Write out the records once more, exactly, and keep any image out.

:: Extracted records ::
*** Begin section ***
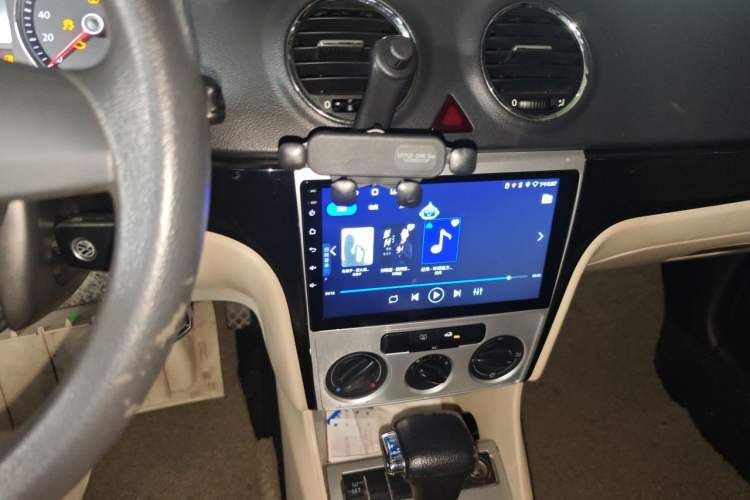 Used Volkswagen Lavida 2011 1.6L Automatic Premium Edition Audio And AC Panel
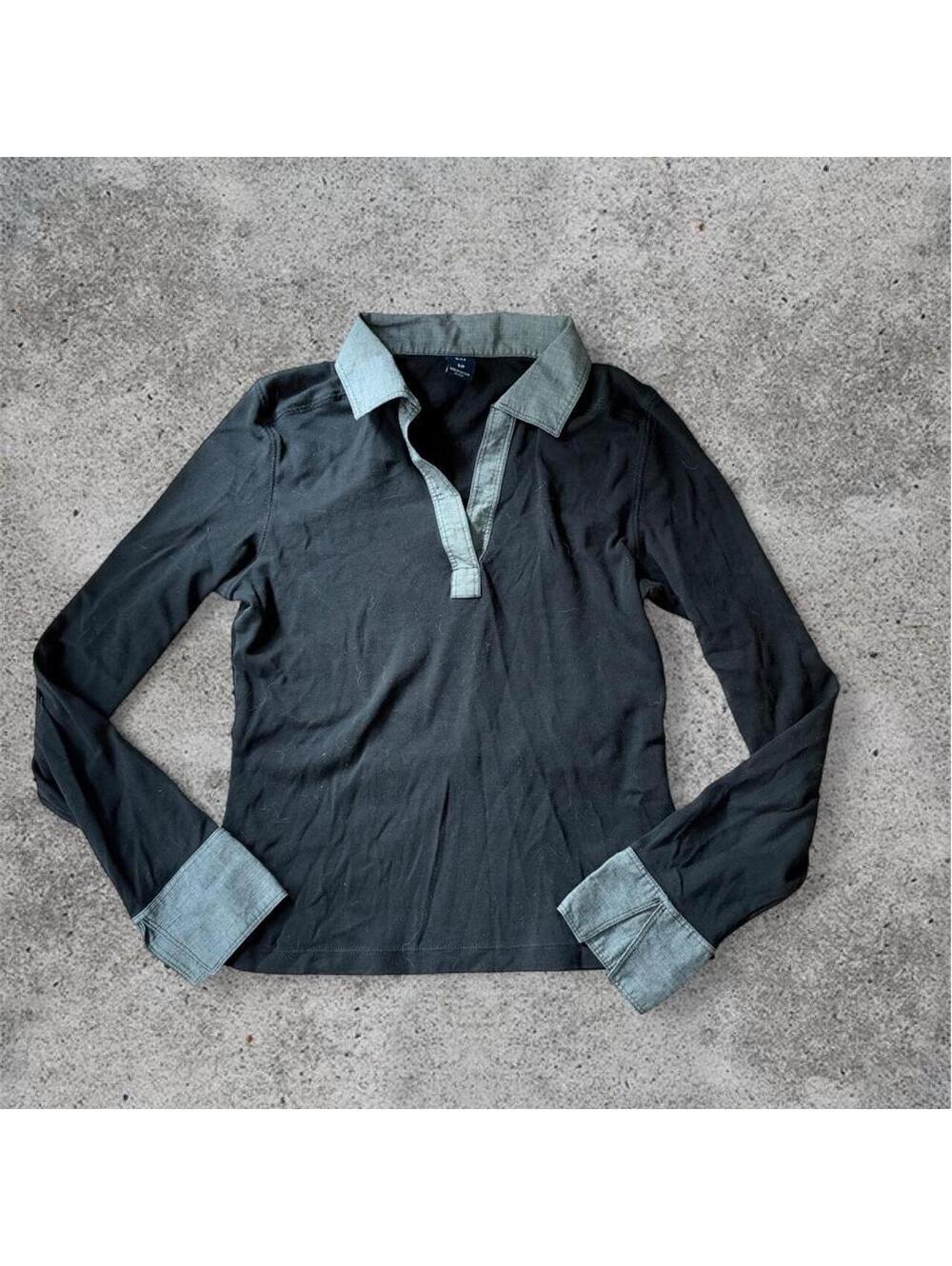 Gap black and grey collared shirt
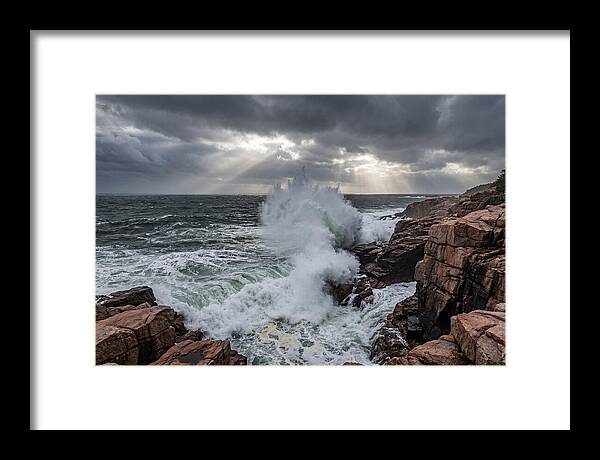 Thunder Hole Erupts In Storm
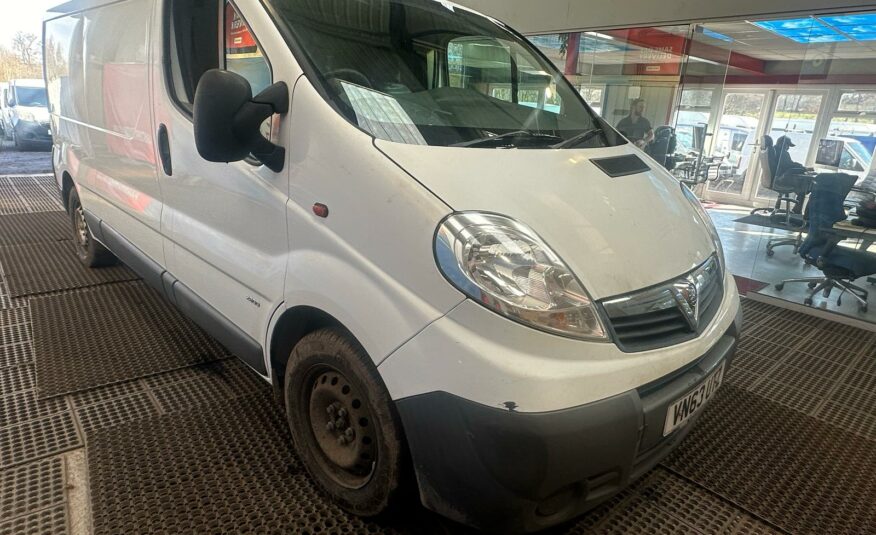 2013 VAUXHALL VIVARO 2900 CDTI LWB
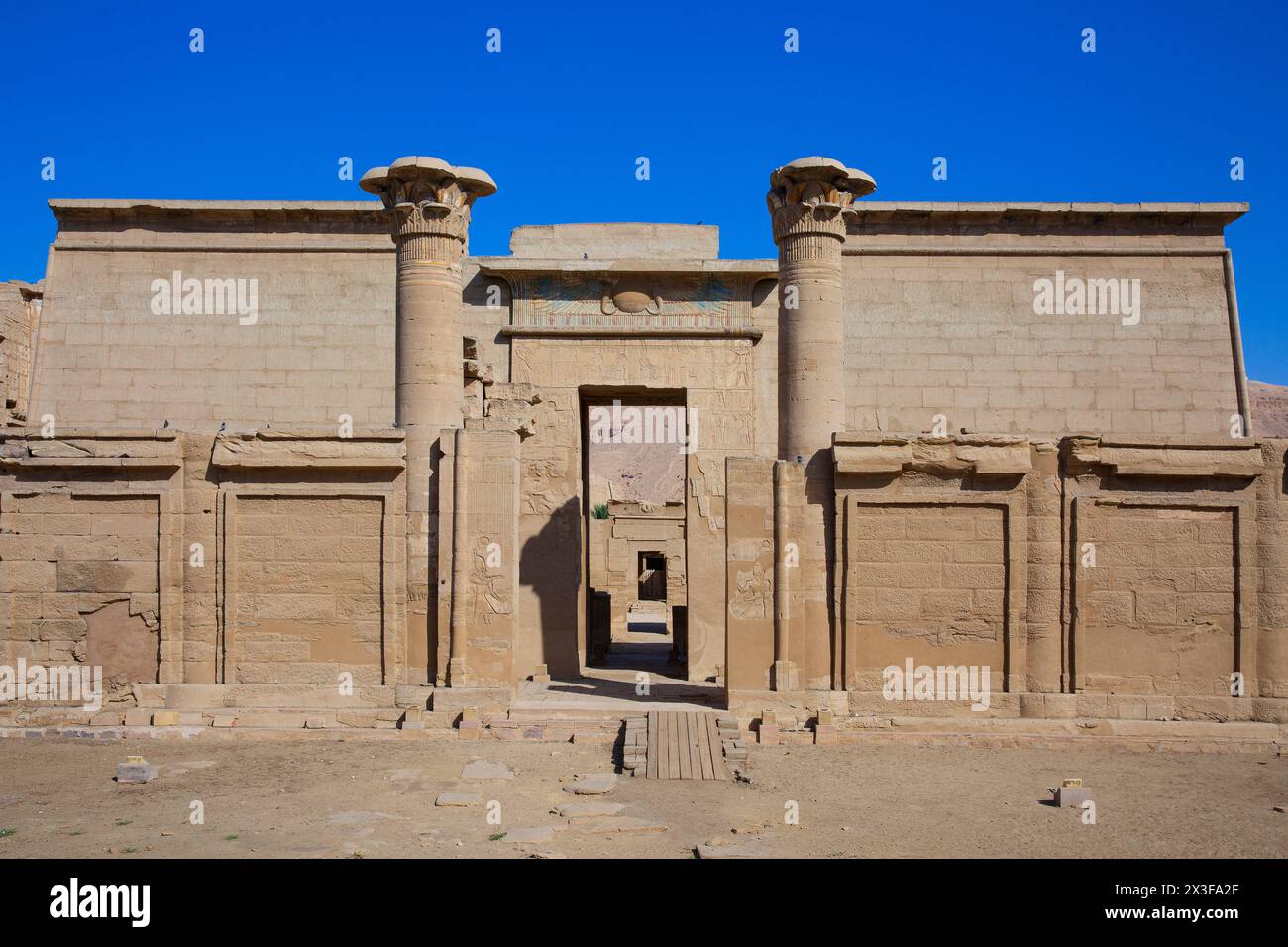 Der Vorhof, der erste Pylon und der Hof von Nectanebo I. befinden sich neben dem Totentempel von Ramesses III. In Medinet Habu, Ägypten Stockfoto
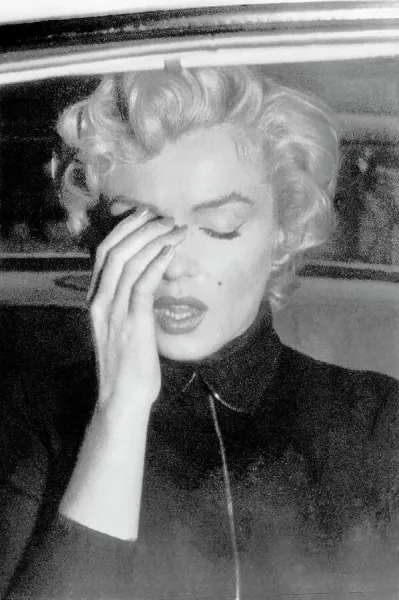 Marilyn Monroe Crying Print, Beverly Hills Divorce. Art Prints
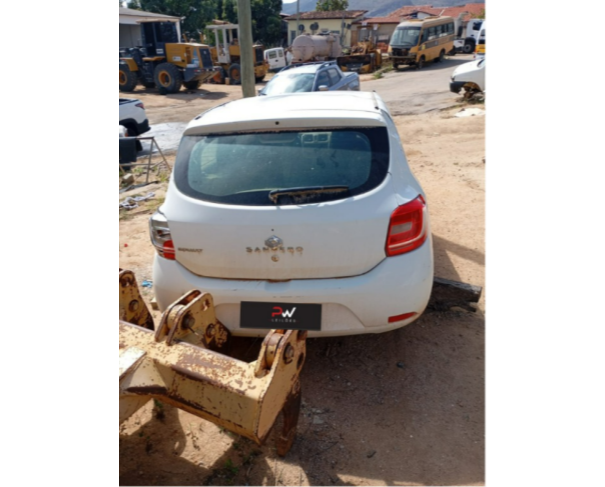 Foto de PAS/AUTOMOVEL RENAULT/SANDERO AUTH 10, ALCOOL/GASOLINA, BRANCA, 2017/2017, CHASSI: ...96361, NO ESTADO EM QUE SE ENCONTRA.
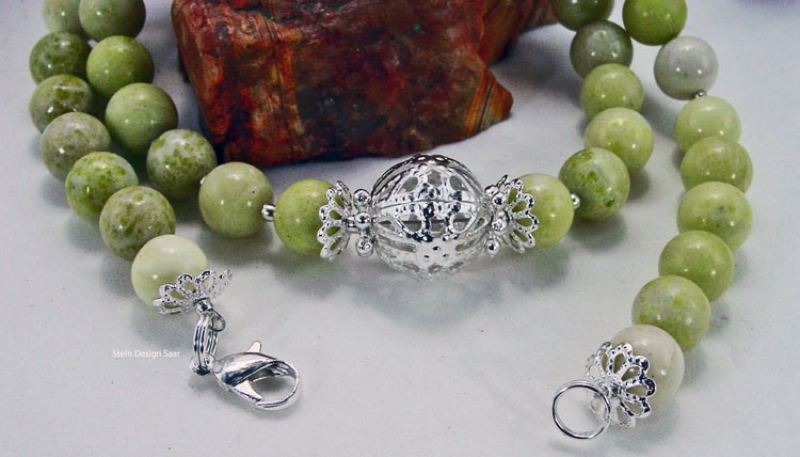 silber  schmuck und Steine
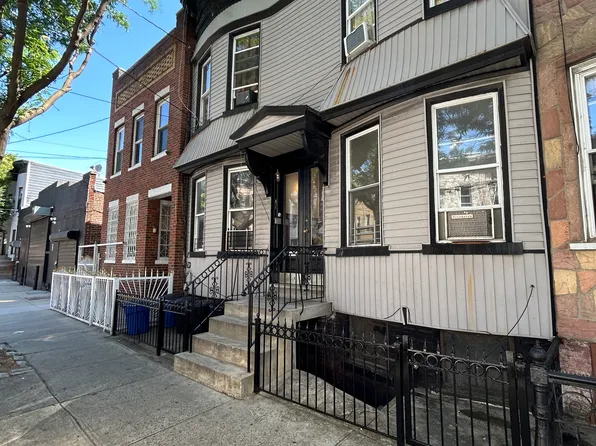 219 Highland Pl APT 1R, Brooklyn, NY 11208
*** End section ***
:: Solution ::
 Used Volkswagen Lavida 2011 1.6L Automatic Premium Edition Audio And AC Panel
 Gap black and grey collared shirt
 Thunder Hole Erupts In Storm
 2013 VAUXHALL VIVARO 2900 CDTI LWB
 Der Vorhof, der erste Pylon und der Hof von Nectanebo I. befinden sich neben dem Totentempel von Ramesses III. In Medinet Habu, Ägypten Stockfoto
 Marilyn Monroe Crying Print, Beverly Hills Divorce. Art Prints
 Foto de PAS/AUTOMOVEL RENAULT/SANDERO AUTH 10, ALCOOL/GASOLINA, BRANCA, 2017/2017, CHASSI: ...96361, NO ESTADO EM QUE SE ENCONTRA.
 silber  schmuck und Steine
 219 Highland Pl APT 1R, Brooklyn, NY 11208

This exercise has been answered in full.